第11話 真の世界

ヨキは、思案を巡らせる私の腕の中から飛び降りて、遠くのモニターへと歩いていく。

ドーム型になったモニターの端の方。

そちらが気になったようだ。

今は出来るだけ情報を取得することが最善、ということだろう。

私もヨキにならい、反対方向へと歩を進めた。


折角向こうまで行くんだし、細かく順番に見て行こう。

何か手掛かりがあるかもしれない。

私は歩きながら、モニターをチェックした。

相変わらず、夏海メインは変わりない。

笑顔の夏海、怒る夏海、呆れる夏海、膨れっ面の夏海、夏海、夏海、夏海……。

どれだけ好きなんだろうと、怪しむほどの量である。

いい加減イラッとして目を伏せた瞬間、背後で声がした。


「わかってない」


「えっ!?」


振り向くと、そこには誰もいなかった。

どうしてヨキと別れた途端、いつも怖いことが起こるのだろう。

私は溜め息をつきながら、今後の展開を考えてみた。

多分、セオリー通りなら、次は背後にいる。

振り向いてビックリ!というパターンなのだろうけど、そうそう驚いていても芸がない。

私だって学習する。

幽霊や妖怪に遅れをとってなるものかーと意気込んで振り向いた。


「あ、れ?」


誰もいない。

完全な肩透かしである。

……いやいや、これは私を油断させるための罠なんじゃ……。

そう思った時、横に何かが並んだのを感じた。


「わかってないんだ」


声がした方にゆっくり顔を向けると、そこには、青白い顔の真が立っていた。


「な、何がわかってないの?」


思わず尋ねた。

すると、真は淀んだ眼でこちらを見て、それから一つのモニターを指差した。


「あれを……見ろと?」


真は何も言わなかった。

ただ、指差して凝視する、それだけだ。

彼の指差したモニターは、端の下の方にあり、言われなければ気付かない位置にある。

それは意図して『隠しておきたいもの』のようにも思えた。

でも、わざわざ出てきて、見ろと言うのだから、真にとって意味のあることに違いない。

私は少し屈んでモニターに近づいた。

映っているのは、やはり夏海である。

ただ、制服が今日見たものと同じで、髪の長さも一緒であることから、つい最近の出来事だと推察した。

夏海はスマホを握りしめ、しきりにこちらを向いて怒っている。

音声がないので、良くわからないけど、真に対して激しく憤っているようだ。


「何をそんなに怒ってるのかな……」


「だから……わかってないんだ」


いつの間にか、また隣にいた真は、モニターを見ながら呟いた。


「さっきからそればっかり。
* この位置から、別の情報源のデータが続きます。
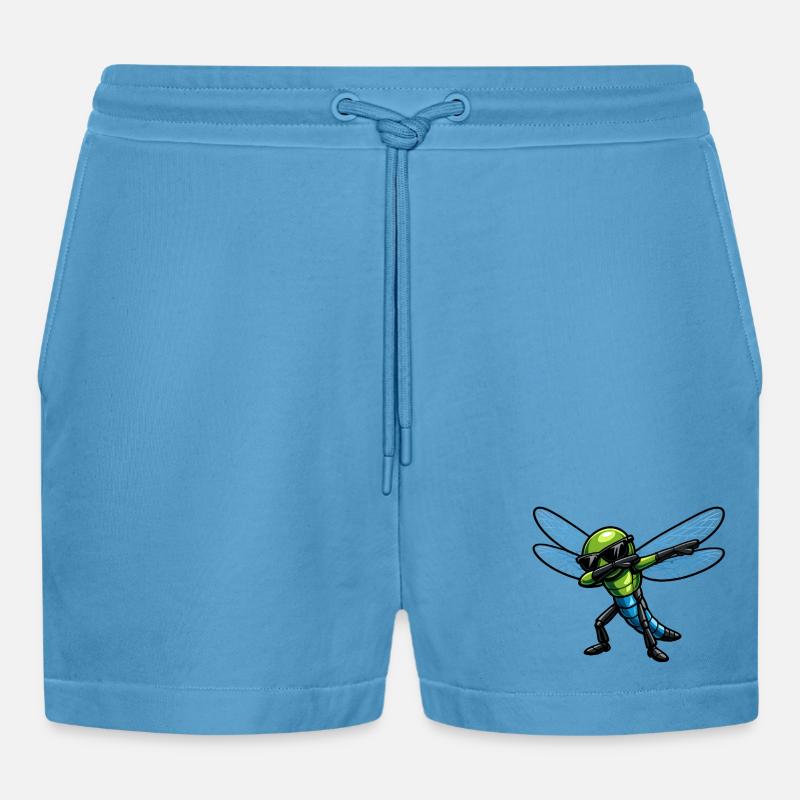Dabbing Libelle - Organic Relaxed Cropped Shorts Made in EU -  Sol Blue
もっとわかりやすく言ってくれればいいのに」


ツンとして言い返したけど、それが叶わないのは承知している。

彼ら(霊)は、言いたいことしか言わない。

何度目かの邂逅で、私はそのことを学んだのである。


「わかってない、か。一体誰が何をわかってないんだろうね。で、君は私にどうして欲しいのかな……うーん、理解不能です……」


独り言のように呟いた途端、背中に何かがぶつかってきた。


「痛っ!」


弾力があるその何かは、私の背中を爪を立ててよじ登ると、頭の天辺で鎮座した。


「こんなところで当人とお喋りとは」


「ヨキ……もう!爪を立てないでよっ」


「おお、悪い悪い。で、何か吐いたか?」


ヨキは真を見て言った。


「それがね……《わかってない》の連発で何が何だかさっぱり」


「ふむ。わかってない……か。ん?」


ヨキはモニターに視線を移した。

私も何気なくモニターを見ると、映像の中で思わぬ出来事が起きていた。

憤る夏海がリビングのドアを出ていった後、グラッと映像が揺れた。

そして、ストンと視線が下に落ちると、やがて、床しか写さなくなったのである。

撮影しているカメラが落ちた……見ているとそんな感じだけど、そうじゃない。

これは真の視点なのだ。

つまり、この瞬間に真は倒れたということに……。


「ヨキ!!もしかして、この言い争いが原因で真は亡くなったとか?ショックで発作がおきて……」


「……可能性は高い。つい最近の映像のようだしな……これを見ろと教えたのなら、重要なものがここにあるんだろうよ」


「うん。でも、わかってないってどういうことだろうね?夏海さんとの言い争いが原因で死んだのに、それを本人なつみがわかってない……てことかな?だから、許さないとか?」


とは言ったものの、とてもそうは思えない。

夏海メインのメモリアル映像館を作り上げるほどの真が、例え間接的に夏海に死の原因があったとしても、それで許さないなんて憎むだろうか?


「筋は通る……だが、単純すぎるな」


「私もそう思う。わかってない、って言うのは、別のことを指してる気がするんだよね」


私とヨキの見解はほぼ一致した。